0
0
MlopsHow-ToBeginner · 3 min read

How to Use OrdinalEncoder in sklearn with Python

Use OrdinalEncoder from sklearn.preprocessing to convert categorical data into ordinal integers. Fit the encoder on your data with fit() or fit_transform(), then transform new data with transform().
📐

Syntax

The basic syntax to use OrdinalEncoder is:

  • OrdinalEncoder(): Creates the encoder object.
  • fit(X): Learns the categories from data X.
  • transform(X): Converts categories in X to ordinal numbers.
  • fit_transform(X): Fits and transforms X in one step.
python
from sklearn.preprocessing import OrdinalEncoder

encoder = OrdinalEncoder()
encoder.fit(X)  # Learn categories from X
X_encoded = encoder.transform(X)  # Transform X to ordinal numbers

# Or combine fit and transform
X_encoded = encoder.fit_transform(X)
💻

Example

This example shows how to encode a list of categorical features into ordinal numbers using OrdinalEncoder.
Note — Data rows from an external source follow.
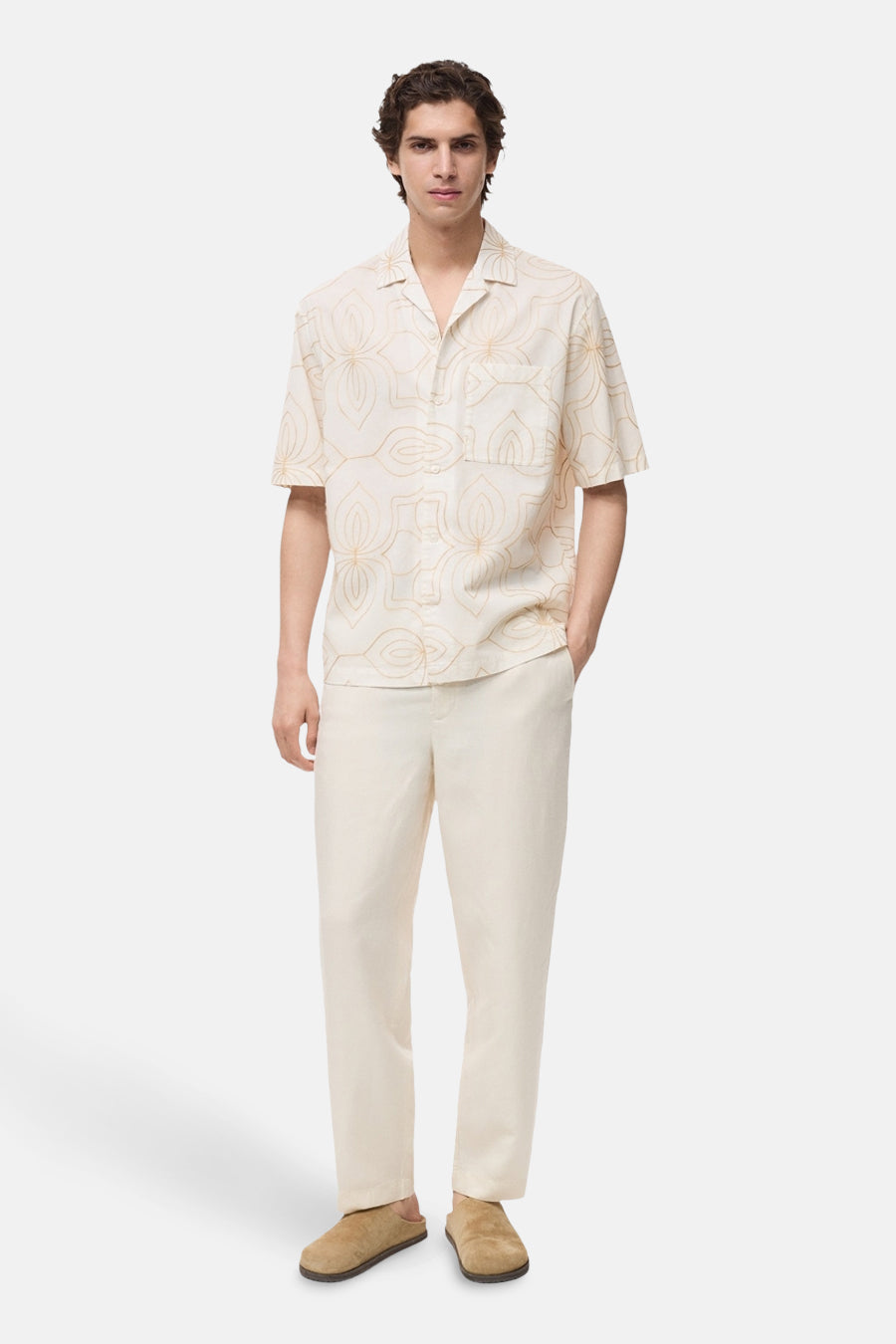 Chemise à manches courtes - blanc - MANGO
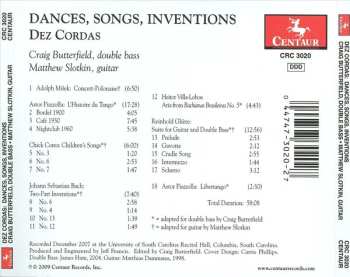 CD Matthew Slotkin: Dez Cordas: Dances, Songs, Inventions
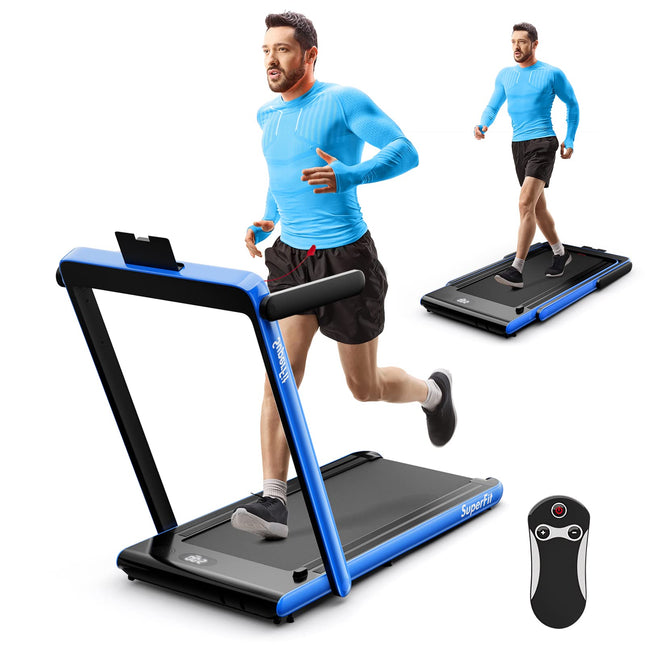 Goplus 2 in 1 Under Desk Treadmill, Blue
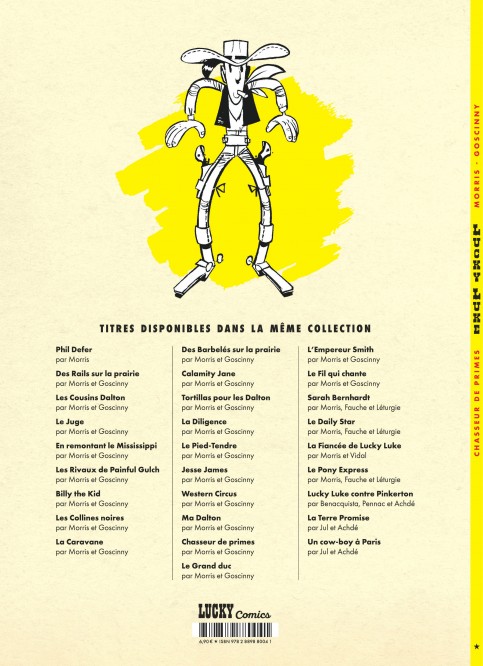 Lucky Luke – Tome 8 – Chasseur de primes – Edition spéciale - 4eme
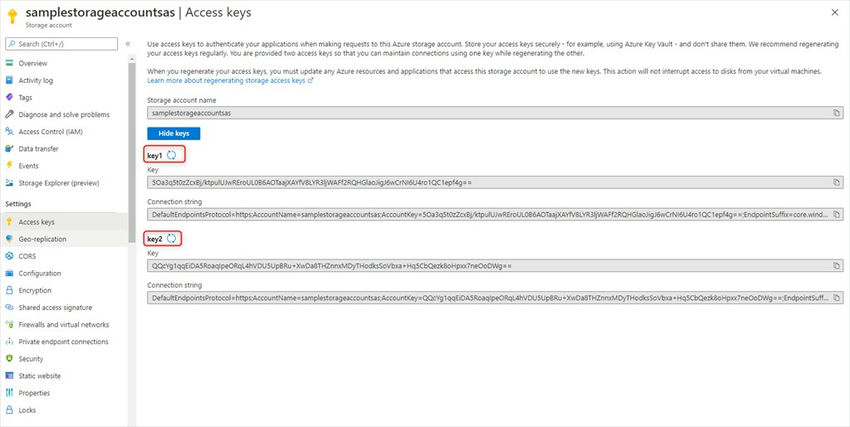Stored Access Policy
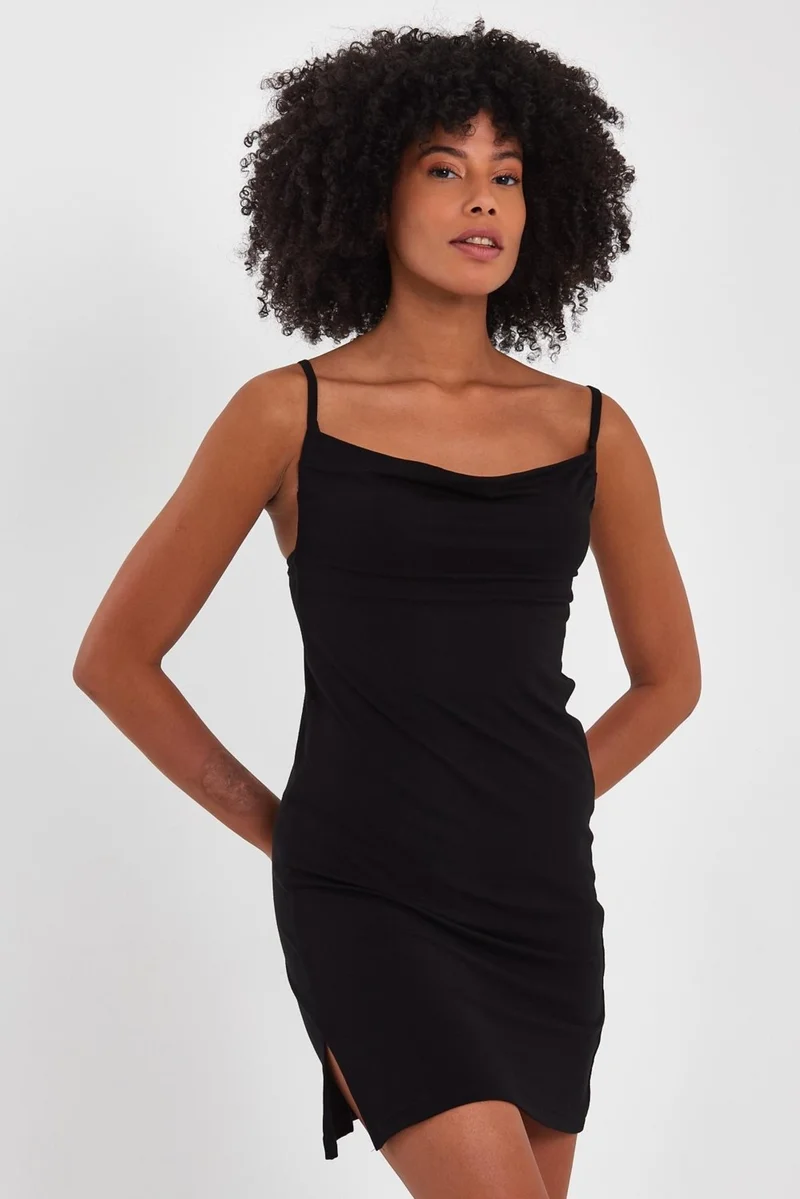 الكسندر جاردي Cowl Neck Dress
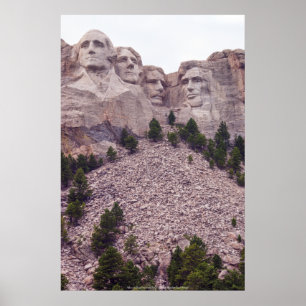 Póster Los cuatro del Monte Rushmore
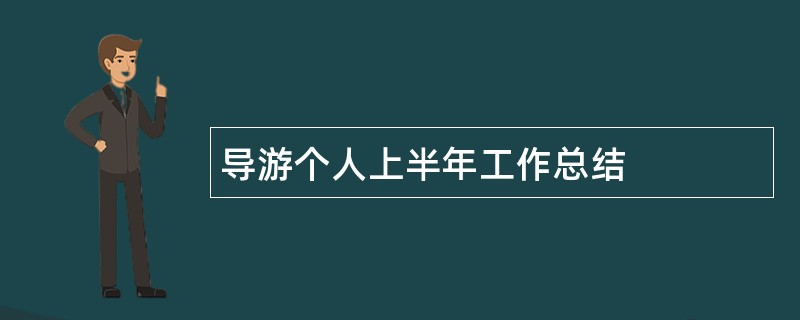 导游个人上半年工作总结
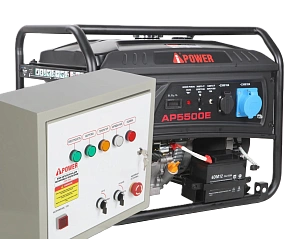 Бензиновый генератор A-iPower Lite AP5500E с блоком автозапуска A-iPower 230В, 50А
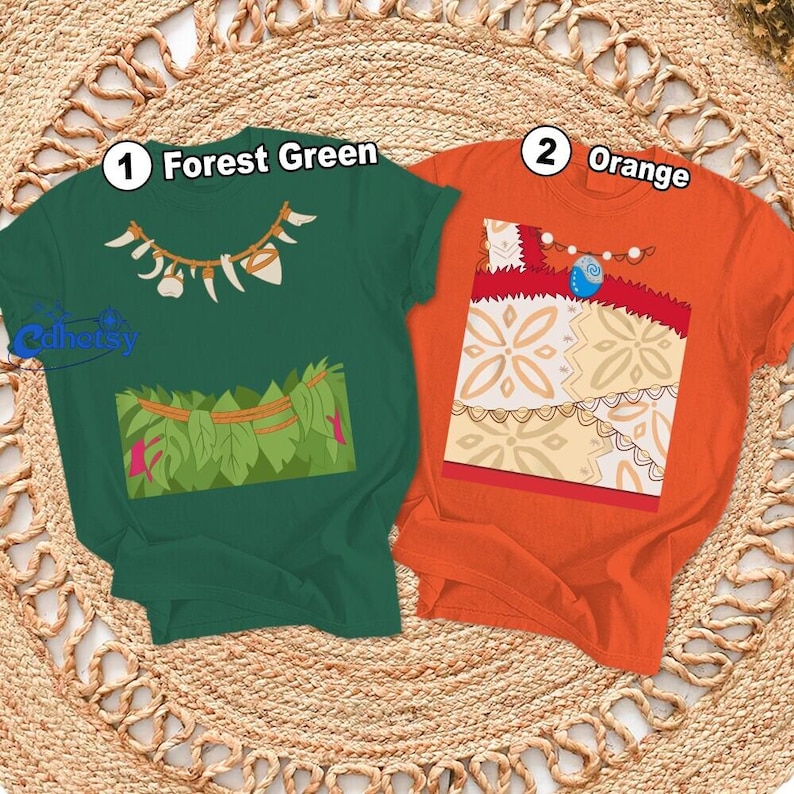 Disneyland Moana Characters Big Face Costume T-Shirt, Disneyland Family Vacation Shirt, Disneyland Matching Birthday Gifts bild 1
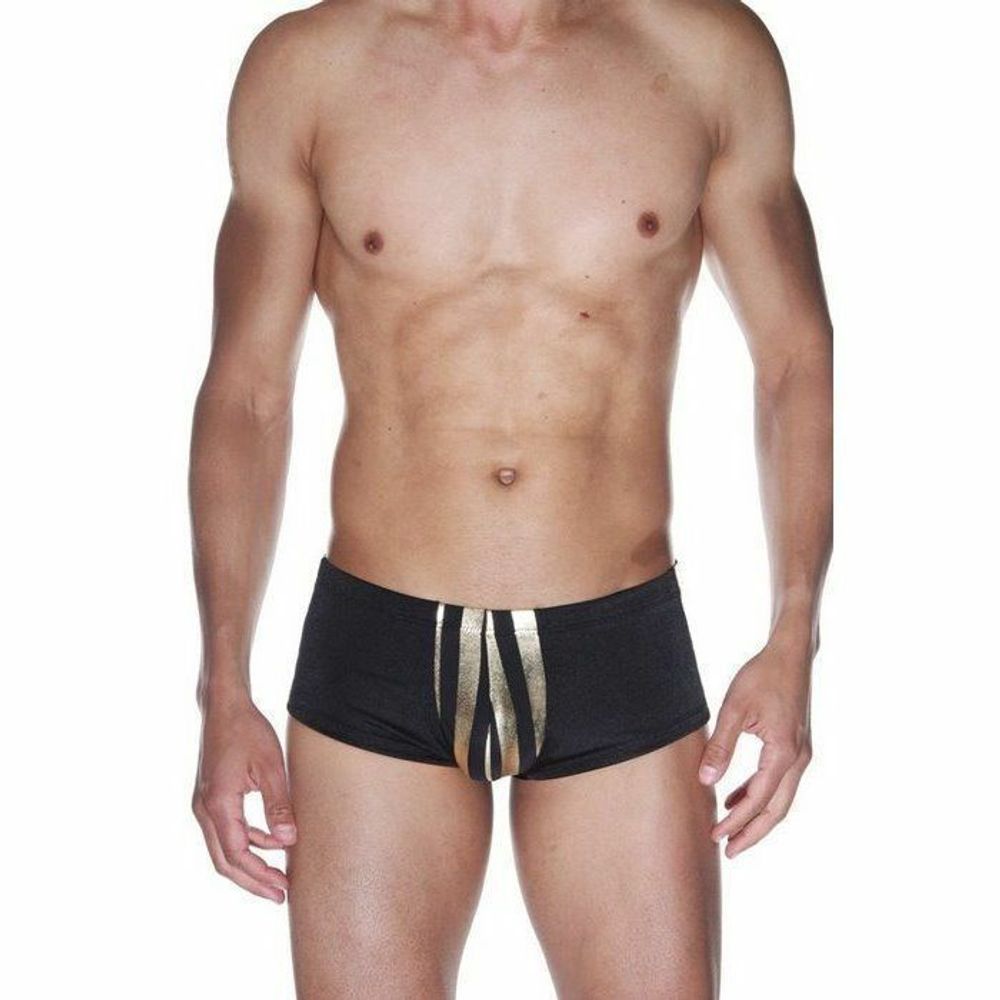 Мужские трусы хипсы черно-золотистые La Blinque LB15566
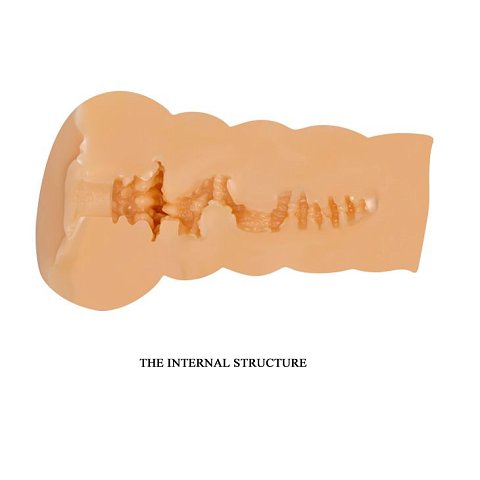 Мастурбатор в виде вагины. Приятный на ощупь, легко растягивается до нужного размера. Имеет рельефную внутреннюю поверхность для наибольшей стимуляции.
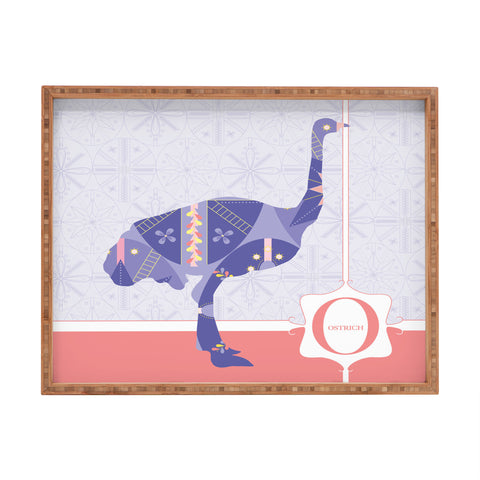 Jennifer Hill Miss Ostrich Rectangular Tray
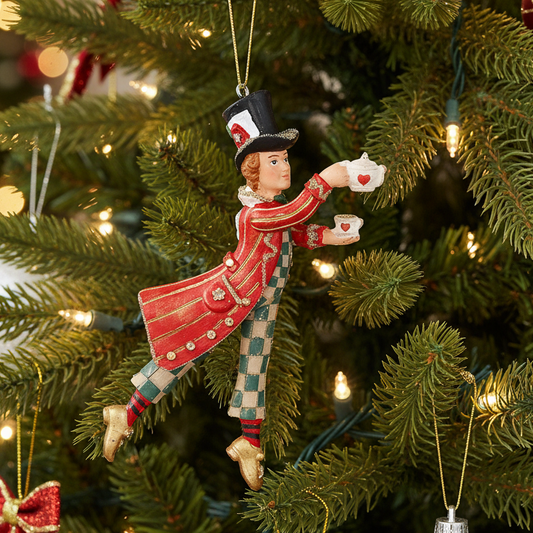 Mad Hatter Christmas Hanging Decoration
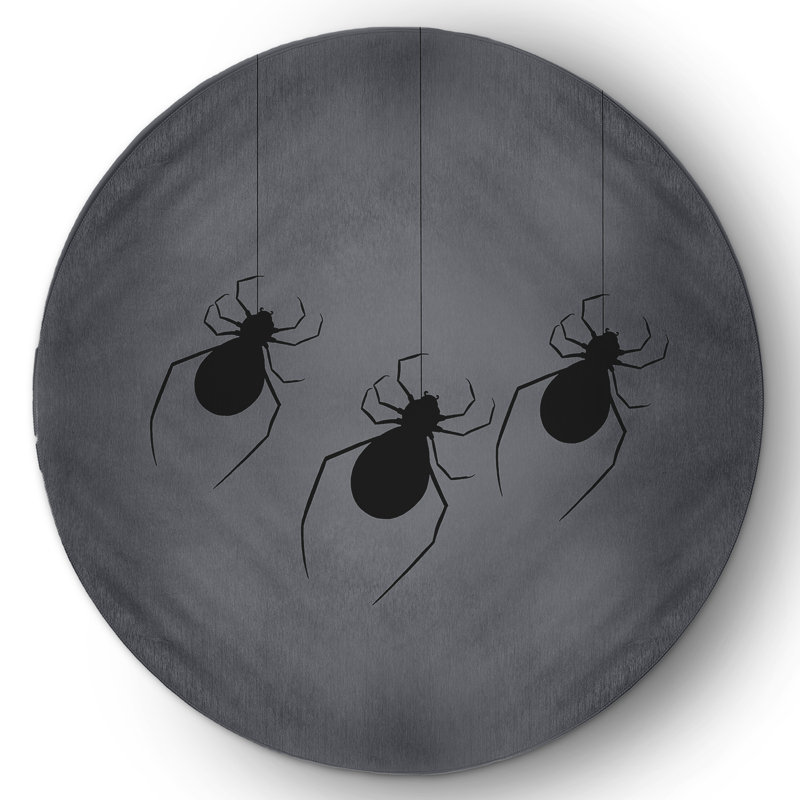 Demetrey Chenille Indoor Rug, Round 5'
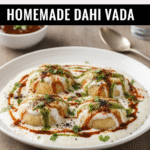 Homemade Dahi Vada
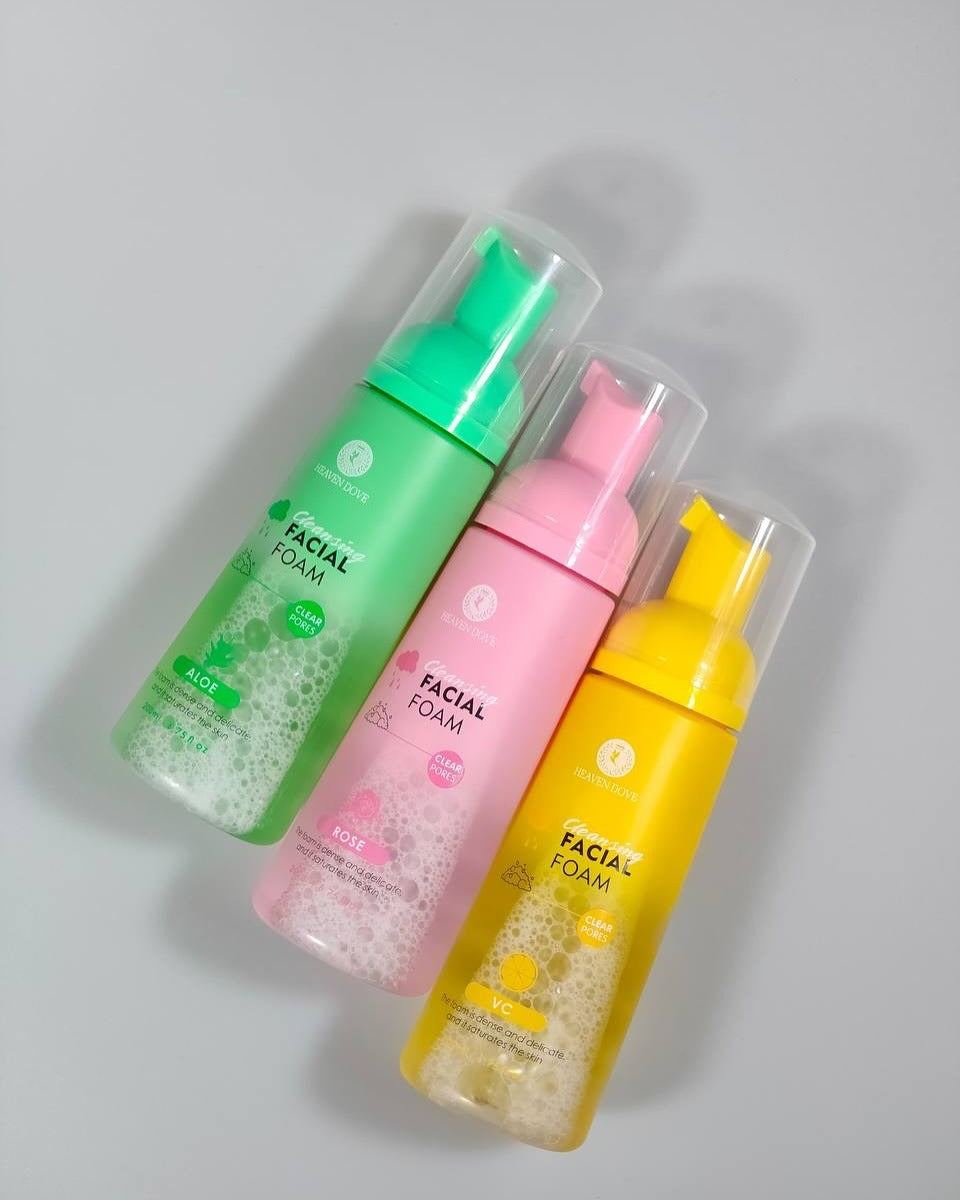 Heaven Dove Facial Foam for Radiant Skin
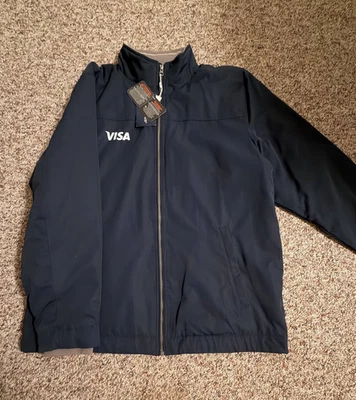 Devon & Jones DG794 - Men's Hartford All-Season Club Jacket logo VISA - Image 1 of 4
It fits the encoder on the data and then transforms it.

python
from sklearn.preprocessing import OrdinalEncoder
import numpy as np

# Sample categorical data with two features
X = np.array([
    ['red', 'S'],
    ['green', 'M'],
    ['blue', 'L'],
    ['green', 'XL']
])

encoder = OrdinalEncoder()
X_encoded = encoder.fit_transform(X)

print("Original data:\n", X)
print("Encoded data:\n", X_encoded)
Output
Original data: [['red' 'S'] ['green' 'M'] ['blue' 'L'] ['green' 'XL']] Encoded data: [[2. 0.] [1. 1.] [0. 2.] [1. 3.]]
⚠️

Common Pitfalls

1. Not fitting before transforming: You must call fit() or fit_transform() before transform(), or you get an error.

2. New categories in transform data: If new categories appear in data passed to transform() that were not seen during fit(), it will raise an error.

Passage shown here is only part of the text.